Быстрый вдох-выдох, задержка дыхания. И снова. И снова. Слезы заполняют глаза. Я люблю и уважаю своих родителей, но сердце неустанно твердит, что Егорка – единственное и последнее родное, оставшееся у меня. Еще с час назад мне начинало казаться, будто появляется второй родной человек. Только казаться… И вот я теряю… все… все…
– Почему… почему Вы хотите отобрать его у меня? – срывающимся на каждом слове голосом спрашиваю я.
Больше никто не мог. Комиссия по опеке несовершеннолетних не стала бы меня проверять – два года я заботилась о Егорке, и никаких претензий. Только Наставник мог сообщить им что-то компрометирующее меня, например…
– У меня отбирают права опеки за то, что я отсутствую в стране более месяца.
– Что правда…
– Но это не влияет..! Егор ведь в Школе, и нечего такого…
– Вернись и докажи им, – бросает вызов Наставник, садясь в кресло.
Решение до глупого простое. Мне только нужно снова пребывать в России… Ну, конечно!
– Так вот что такое… Это Вы! Вы все спланировали! Донесли на меня в Комиссию по опеке, чтобы у меня не осталось выбора, и я вернулась!
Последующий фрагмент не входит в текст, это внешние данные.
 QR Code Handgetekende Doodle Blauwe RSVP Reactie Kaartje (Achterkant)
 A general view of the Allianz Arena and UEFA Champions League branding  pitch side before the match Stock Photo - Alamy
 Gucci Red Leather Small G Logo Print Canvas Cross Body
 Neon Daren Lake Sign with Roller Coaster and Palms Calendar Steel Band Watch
– Ева… – Наставник пытается успокоить меня, теребит подлокотник, но когда я уже поняла, что он задумал…
– Как Вы могли?! – слезы снова не держатся на ресницах.
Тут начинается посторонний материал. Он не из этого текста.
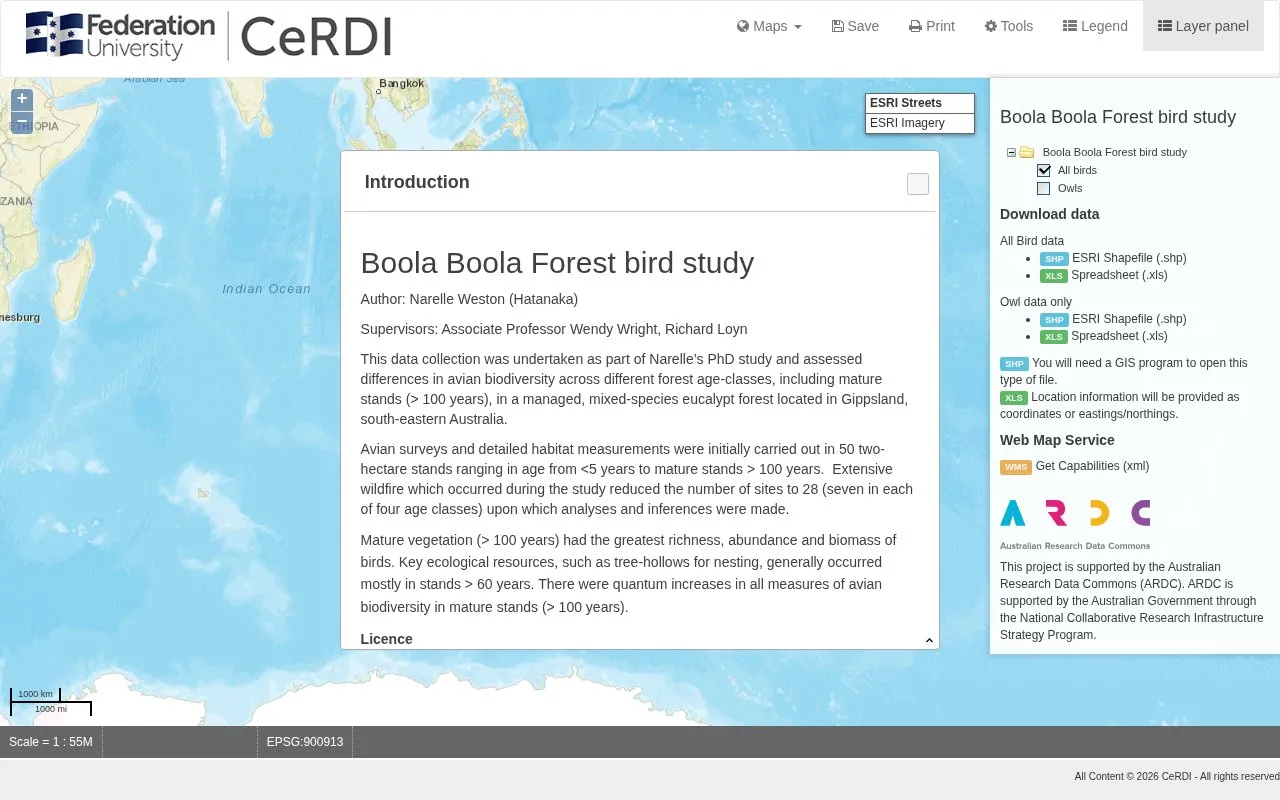 Boola Boola Forest bird study homepage screenshot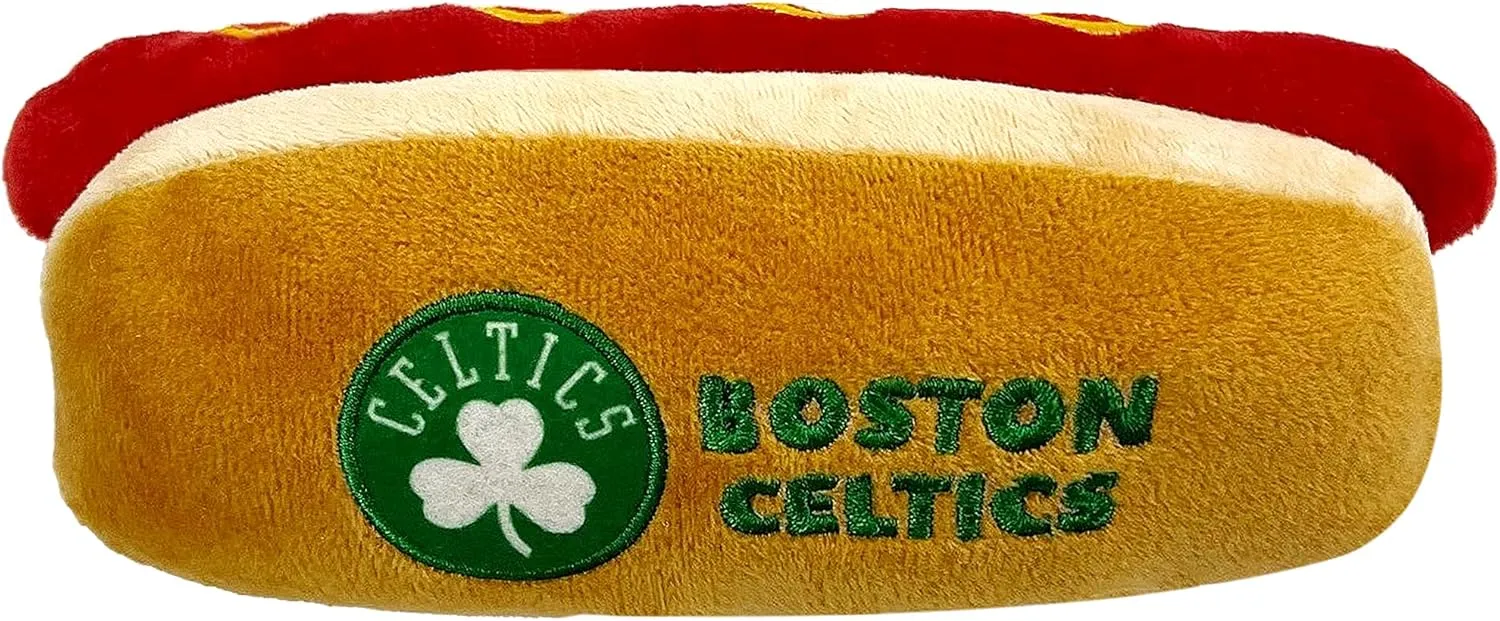 Pets First NBA Boston Celtics HOT Dog Plush Dog & CAT Squeak Toy - Cutest HOT-Dog Snack Plush Toy for Dogs & Cats with Inner Squeaker & Beautiful Basketball Team Name/Logo 8 x 5 x 3 Inches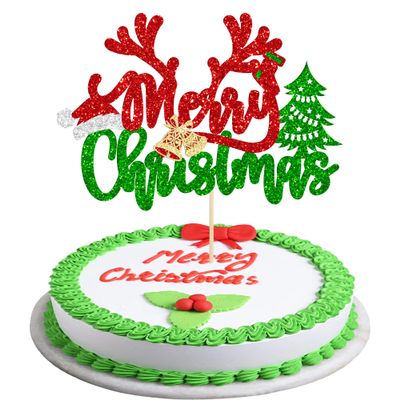 1Pc Merry Christmas Cake Topper with Red Green Glitter Christmas Tree Deer Santa Hat Cake Pick Decorations for Merry Xmas Theme Happy New Year Party Supplies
– Ева, тебе нечего больше делать в Лондоне, – твердо заявляет он. – Александр Дмитриевич сказал, что у тебя уже достаточно материала для диссертации. Оставаться в месте, где кишмя кишат оборотни – небезопасно и крайне глупо с твоей стороны. Ни тебе, ни Егору от этого ничего хорошего не будет.
– Я еще не достала записи Снейпа… – упорствую я, ведь это – действительно последнее, что на самом деле должно держать меня в Англии.
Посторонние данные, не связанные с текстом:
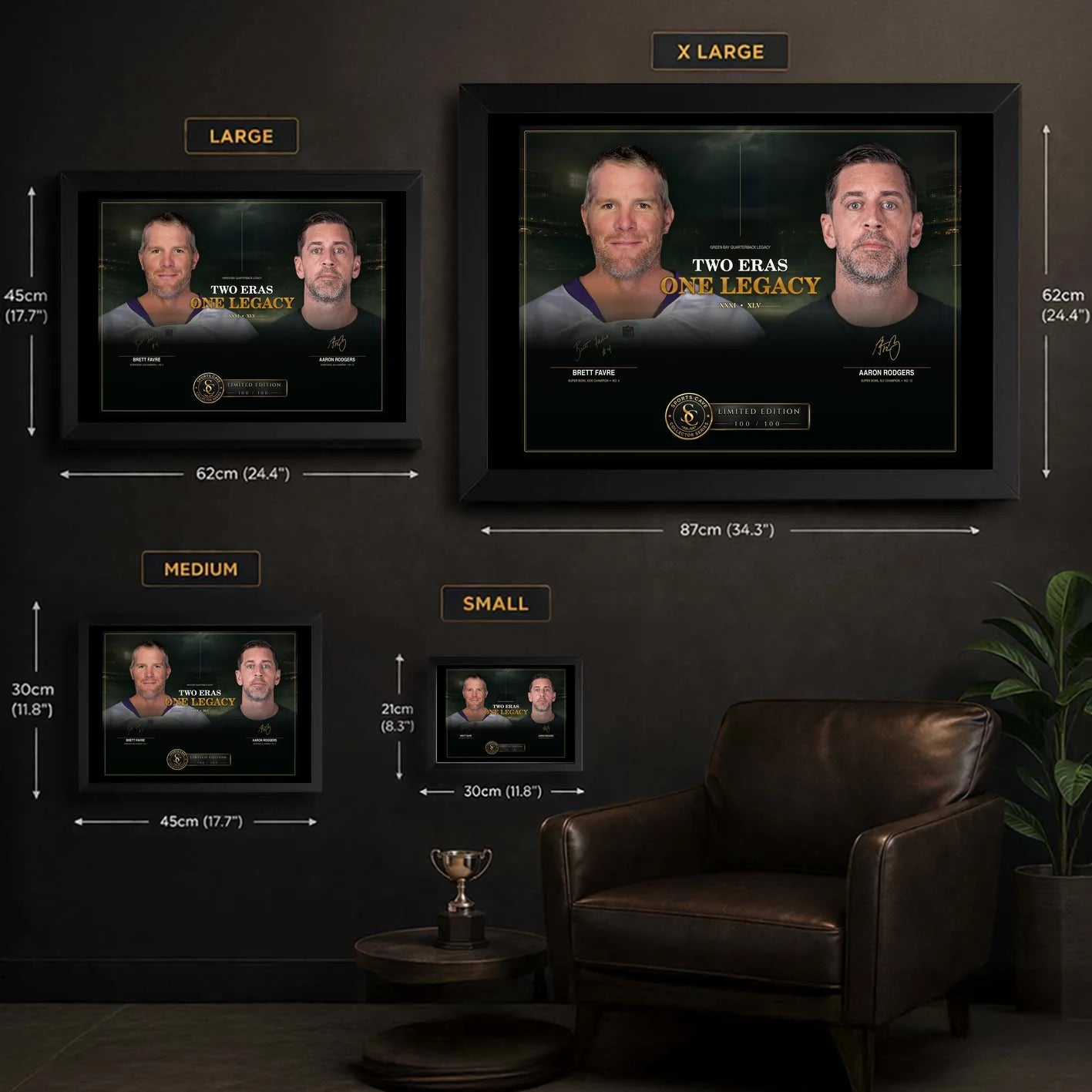 Favre and Rodgers wall art size guide showing XL, large, medium and small framed display dimensions.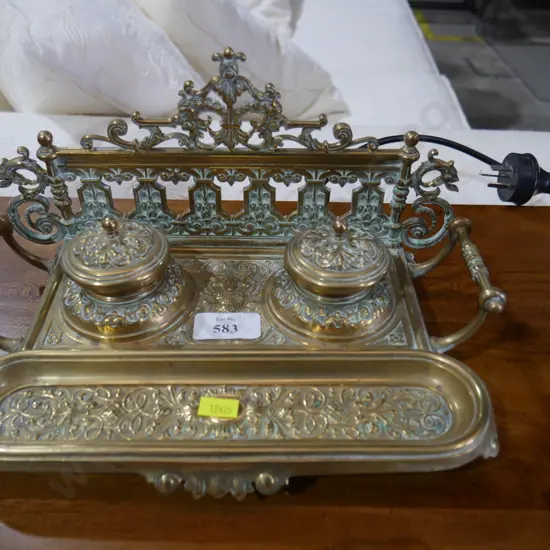 Brass double inkwell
– Мне удастся закончить лекарство и без них, – уверенно заявляет Наставник, но голос вздрагивает.
– Неправда! – я подбегаю к доске и обличительно тыкаю в пустые места: – У Вас вот здесь и здесь дырки! И вот тут связующего компонента не хватает!
– А ты поднаторела в зельях, как я посмотрю, – усмехается Наставник.
Не поднатореешь тут… Когда Драко бросает на меня уничижительные взгляды каждый раз при прикосновении не к тому ингредиенту. Хотя я даже научилась использовать свое проклятье: волчий нюх, оказывается, помогает понять сочетания – компоненты, что никогда не сойдутся в зелье, не подходят друг к другу и по запаху.
– Так ты вернешься? – настороженно спрашивает Наставник, не понимая причины моего молчания.
– Вернусь, – якобы сдаюсь я, но тут же выдаю: – В конце августа, когда закончится моя практика.
– Ева! – не сдержавшись, Наставник хлопает по столу ладонью, будто отец, пытающийся приструнить расшалившуюся дочурку. – Ты должна вернуться немедленно!
– Ева! – в кабинет вихрем влетает мальчонка тринадцати лет, весь красный, пышущий жаром разогретого на тренировке тела. – Почему не сказала, что приезжаешь?! – все так же взбудоражено спрашивает он, обхватив меня за талию.